DATASET SECTION:
***

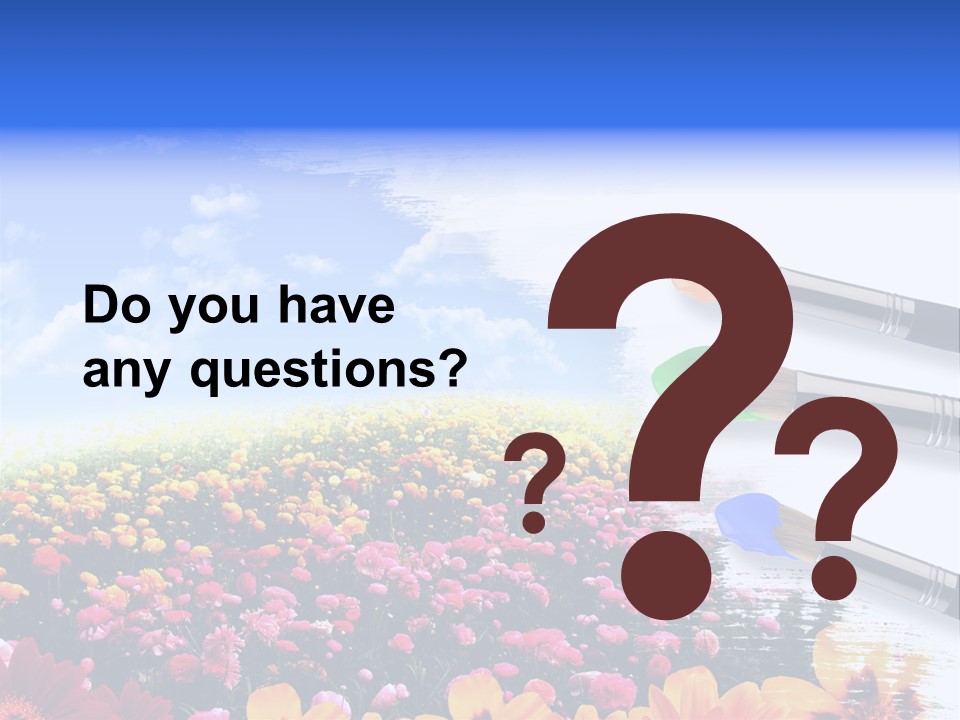 Cloud Landscape Hand PowerPoint Template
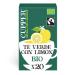 Cupper TE VERDE CON LIMON infusion is a herbal infusion that makes a break extra pleasant It tastes both pure and with some honey or sweetener The composition takes practicality into account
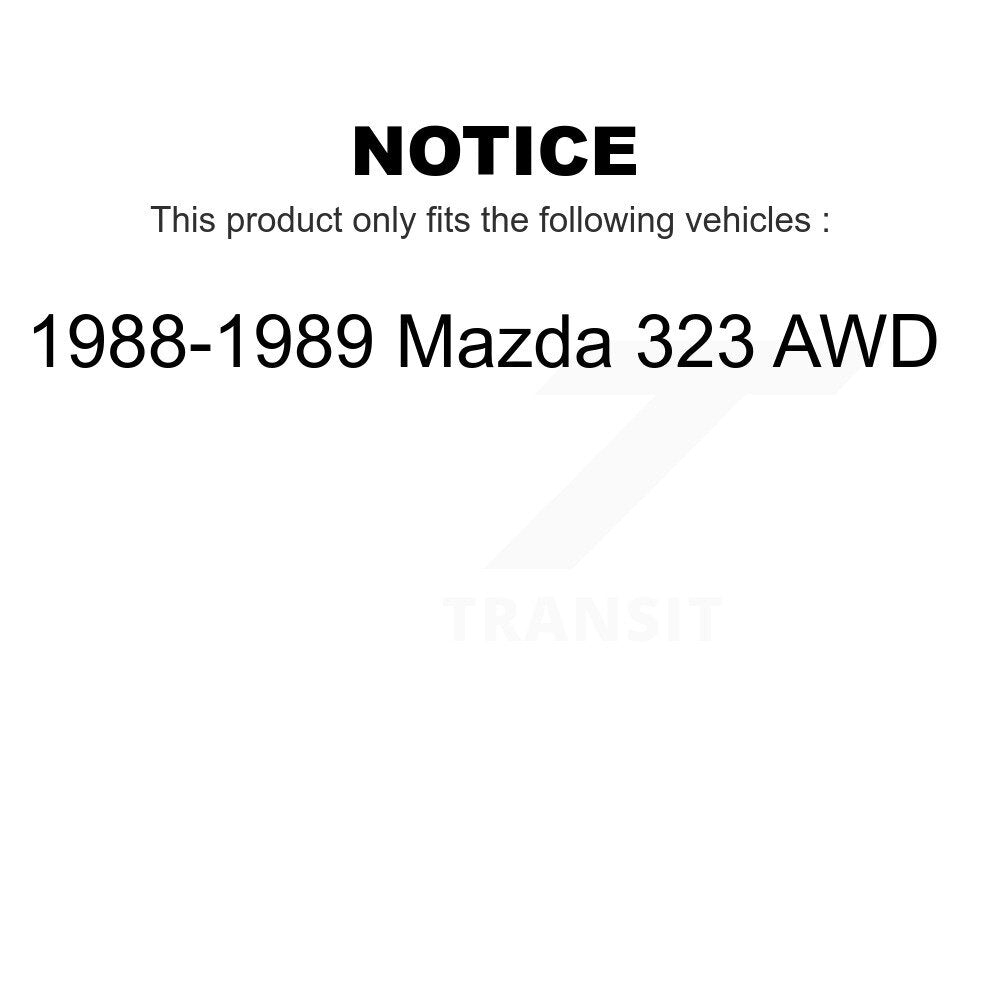 Rear Outer Wheel Bearing And Race Pair For 1988-1989 Mazda 323 AWD K70-101124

***

Starting with the first line of the material above and ending with the line that holds "Cupper TE VERDE", write out those lines exactly, without pictures.

FINISHED EXERCISE:
 Cloud Landscape Hand PowerPoint Template
 Cupper TE VERDE CON LIMON infusion is a herbal infusion that makes a break extra pleasant It tastes both pure and with some honey or sweetener The composition takes practicality into account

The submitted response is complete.